» TASK GOAL: Return exactly those lines of the material below that fall between the line holding "image for item EM7084" and the line holding "FIRSAT KOSOVALI VİZESİZ", inclusive.

» AVAILABLE DATA:
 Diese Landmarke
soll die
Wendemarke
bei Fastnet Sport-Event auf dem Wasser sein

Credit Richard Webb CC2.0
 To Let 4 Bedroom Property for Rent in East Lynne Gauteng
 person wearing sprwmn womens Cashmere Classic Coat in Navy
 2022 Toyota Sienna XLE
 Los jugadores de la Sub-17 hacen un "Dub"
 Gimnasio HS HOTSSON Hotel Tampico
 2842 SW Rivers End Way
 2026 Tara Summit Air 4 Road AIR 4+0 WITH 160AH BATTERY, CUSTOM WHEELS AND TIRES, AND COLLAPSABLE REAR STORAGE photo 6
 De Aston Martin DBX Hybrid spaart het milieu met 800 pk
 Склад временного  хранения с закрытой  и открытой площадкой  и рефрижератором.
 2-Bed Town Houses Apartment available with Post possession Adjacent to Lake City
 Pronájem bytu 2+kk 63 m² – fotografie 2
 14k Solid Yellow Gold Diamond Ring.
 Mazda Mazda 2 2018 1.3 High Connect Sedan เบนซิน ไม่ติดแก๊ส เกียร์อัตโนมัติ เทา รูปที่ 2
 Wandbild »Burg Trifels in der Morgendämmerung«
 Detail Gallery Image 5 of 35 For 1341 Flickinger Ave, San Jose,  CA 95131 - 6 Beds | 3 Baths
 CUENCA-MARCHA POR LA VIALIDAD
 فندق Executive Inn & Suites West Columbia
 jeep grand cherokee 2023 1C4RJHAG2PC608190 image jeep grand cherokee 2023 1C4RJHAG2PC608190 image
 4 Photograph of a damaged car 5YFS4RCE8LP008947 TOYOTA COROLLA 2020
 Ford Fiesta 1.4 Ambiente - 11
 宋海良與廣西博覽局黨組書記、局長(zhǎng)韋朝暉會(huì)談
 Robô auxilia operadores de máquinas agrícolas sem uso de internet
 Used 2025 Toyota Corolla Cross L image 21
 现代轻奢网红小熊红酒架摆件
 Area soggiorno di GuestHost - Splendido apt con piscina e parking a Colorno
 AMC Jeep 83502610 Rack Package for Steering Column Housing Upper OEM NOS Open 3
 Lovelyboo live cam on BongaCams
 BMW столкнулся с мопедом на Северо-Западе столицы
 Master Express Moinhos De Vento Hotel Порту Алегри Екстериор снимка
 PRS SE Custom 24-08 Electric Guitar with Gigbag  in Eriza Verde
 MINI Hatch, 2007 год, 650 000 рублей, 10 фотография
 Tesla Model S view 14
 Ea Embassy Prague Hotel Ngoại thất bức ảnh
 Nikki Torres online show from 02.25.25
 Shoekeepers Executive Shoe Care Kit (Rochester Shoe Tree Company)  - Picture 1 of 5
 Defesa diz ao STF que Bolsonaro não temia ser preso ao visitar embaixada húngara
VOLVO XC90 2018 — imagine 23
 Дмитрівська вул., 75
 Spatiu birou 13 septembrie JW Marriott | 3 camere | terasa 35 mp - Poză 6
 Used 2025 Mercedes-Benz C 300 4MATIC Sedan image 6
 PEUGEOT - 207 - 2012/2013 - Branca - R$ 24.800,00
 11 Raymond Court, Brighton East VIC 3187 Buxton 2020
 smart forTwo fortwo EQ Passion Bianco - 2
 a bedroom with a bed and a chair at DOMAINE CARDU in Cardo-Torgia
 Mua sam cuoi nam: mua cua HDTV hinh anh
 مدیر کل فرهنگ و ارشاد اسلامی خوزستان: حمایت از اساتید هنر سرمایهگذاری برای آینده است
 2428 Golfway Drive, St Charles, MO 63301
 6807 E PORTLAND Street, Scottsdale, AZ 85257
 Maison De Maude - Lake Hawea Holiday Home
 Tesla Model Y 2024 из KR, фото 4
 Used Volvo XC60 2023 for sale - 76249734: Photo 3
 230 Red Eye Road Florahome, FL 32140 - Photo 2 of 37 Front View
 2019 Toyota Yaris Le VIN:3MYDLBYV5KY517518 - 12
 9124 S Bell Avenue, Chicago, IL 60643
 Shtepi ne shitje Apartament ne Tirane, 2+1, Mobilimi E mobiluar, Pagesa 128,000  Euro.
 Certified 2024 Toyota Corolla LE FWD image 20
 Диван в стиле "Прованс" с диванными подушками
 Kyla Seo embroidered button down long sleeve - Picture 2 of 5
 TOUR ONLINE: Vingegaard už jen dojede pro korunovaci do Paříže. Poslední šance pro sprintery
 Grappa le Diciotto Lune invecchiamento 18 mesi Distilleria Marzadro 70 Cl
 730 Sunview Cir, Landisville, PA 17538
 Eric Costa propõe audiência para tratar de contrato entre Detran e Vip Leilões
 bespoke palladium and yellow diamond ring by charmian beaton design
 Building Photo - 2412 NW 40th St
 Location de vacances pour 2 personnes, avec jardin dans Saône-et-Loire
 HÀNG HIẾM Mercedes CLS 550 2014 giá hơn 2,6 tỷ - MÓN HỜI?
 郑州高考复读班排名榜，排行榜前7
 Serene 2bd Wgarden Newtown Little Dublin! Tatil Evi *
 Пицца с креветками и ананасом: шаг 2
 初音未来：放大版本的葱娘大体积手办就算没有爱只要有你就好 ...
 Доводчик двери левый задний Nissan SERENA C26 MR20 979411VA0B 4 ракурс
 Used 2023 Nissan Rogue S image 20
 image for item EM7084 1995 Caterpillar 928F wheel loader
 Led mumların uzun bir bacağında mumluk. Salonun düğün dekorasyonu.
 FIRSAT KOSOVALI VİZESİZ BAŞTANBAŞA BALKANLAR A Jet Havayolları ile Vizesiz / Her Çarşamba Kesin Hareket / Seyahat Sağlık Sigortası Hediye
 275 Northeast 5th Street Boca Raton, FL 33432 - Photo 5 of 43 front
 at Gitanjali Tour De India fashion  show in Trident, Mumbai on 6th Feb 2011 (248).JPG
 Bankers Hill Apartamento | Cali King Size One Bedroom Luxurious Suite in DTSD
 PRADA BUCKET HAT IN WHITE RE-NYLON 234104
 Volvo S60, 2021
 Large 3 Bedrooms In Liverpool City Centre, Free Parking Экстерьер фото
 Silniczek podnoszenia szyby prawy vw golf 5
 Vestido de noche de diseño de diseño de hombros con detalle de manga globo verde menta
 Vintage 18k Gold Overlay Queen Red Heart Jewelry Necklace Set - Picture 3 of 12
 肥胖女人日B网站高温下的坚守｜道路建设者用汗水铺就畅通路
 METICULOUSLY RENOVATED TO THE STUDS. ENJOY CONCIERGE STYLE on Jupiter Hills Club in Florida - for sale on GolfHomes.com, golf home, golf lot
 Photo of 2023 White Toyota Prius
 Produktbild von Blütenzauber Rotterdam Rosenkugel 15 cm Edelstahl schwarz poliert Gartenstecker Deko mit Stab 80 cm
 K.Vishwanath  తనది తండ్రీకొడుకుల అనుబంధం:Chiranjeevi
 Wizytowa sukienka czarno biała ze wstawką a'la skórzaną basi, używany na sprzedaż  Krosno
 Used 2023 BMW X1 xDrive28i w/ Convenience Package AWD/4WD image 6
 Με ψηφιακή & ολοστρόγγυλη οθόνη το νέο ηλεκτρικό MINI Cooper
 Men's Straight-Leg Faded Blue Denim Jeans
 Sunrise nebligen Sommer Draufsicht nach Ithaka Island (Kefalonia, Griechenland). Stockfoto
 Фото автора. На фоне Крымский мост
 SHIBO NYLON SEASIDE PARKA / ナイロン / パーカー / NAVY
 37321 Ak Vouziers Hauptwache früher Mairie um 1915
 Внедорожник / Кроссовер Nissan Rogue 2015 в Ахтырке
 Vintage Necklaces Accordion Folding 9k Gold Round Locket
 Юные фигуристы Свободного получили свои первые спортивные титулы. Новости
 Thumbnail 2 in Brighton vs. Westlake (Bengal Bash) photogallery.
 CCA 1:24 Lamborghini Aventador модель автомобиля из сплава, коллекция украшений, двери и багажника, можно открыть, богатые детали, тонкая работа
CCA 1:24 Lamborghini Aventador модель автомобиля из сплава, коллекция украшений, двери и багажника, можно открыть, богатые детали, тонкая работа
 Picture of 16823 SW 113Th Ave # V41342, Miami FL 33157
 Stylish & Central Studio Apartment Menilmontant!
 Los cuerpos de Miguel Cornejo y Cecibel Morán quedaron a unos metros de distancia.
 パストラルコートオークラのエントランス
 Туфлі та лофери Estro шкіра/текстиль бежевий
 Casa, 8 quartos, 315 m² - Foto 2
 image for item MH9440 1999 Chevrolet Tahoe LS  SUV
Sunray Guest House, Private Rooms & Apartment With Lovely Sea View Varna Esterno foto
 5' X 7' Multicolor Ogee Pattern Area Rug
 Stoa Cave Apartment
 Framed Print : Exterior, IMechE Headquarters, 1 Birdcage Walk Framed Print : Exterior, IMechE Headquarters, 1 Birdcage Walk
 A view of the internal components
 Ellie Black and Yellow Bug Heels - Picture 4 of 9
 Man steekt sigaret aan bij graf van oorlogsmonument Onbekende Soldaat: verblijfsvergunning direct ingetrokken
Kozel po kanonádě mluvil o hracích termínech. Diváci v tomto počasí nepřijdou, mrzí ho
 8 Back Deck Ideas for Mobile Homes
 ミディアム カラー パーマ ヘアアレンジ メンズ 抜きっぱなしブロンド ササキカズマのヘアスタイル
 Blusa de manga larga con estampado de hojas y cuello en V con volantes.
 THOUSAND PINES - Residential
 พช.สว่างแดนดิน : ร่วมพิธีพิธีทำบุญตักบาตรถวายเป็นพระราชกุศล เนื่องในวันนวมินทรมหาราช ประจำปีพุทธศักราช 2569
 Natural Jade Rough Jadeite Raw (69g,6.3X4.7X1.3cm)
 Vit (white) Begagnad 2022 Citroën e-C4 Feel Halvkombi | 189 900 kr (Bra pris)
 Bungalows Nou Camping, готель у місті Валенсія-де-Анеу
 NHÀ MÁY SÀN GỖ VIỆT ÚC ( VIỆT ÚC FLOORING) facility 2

» SOLUTION BELOW:
 image for item EM7084 1995 Caterpillar 928F wheel loader
 Led mumların uzun bir bacağında mumluk. Salonun düğün dekorasyonu.
 FIRSAT KOSOVALI VİZESİZ BAŞTANBAŞA BALKANLAR A Jet Havayolları ile Vizesiz / Her Çarşamba Kesin Hareket / Seyahat Sağlık Sigortası Hediye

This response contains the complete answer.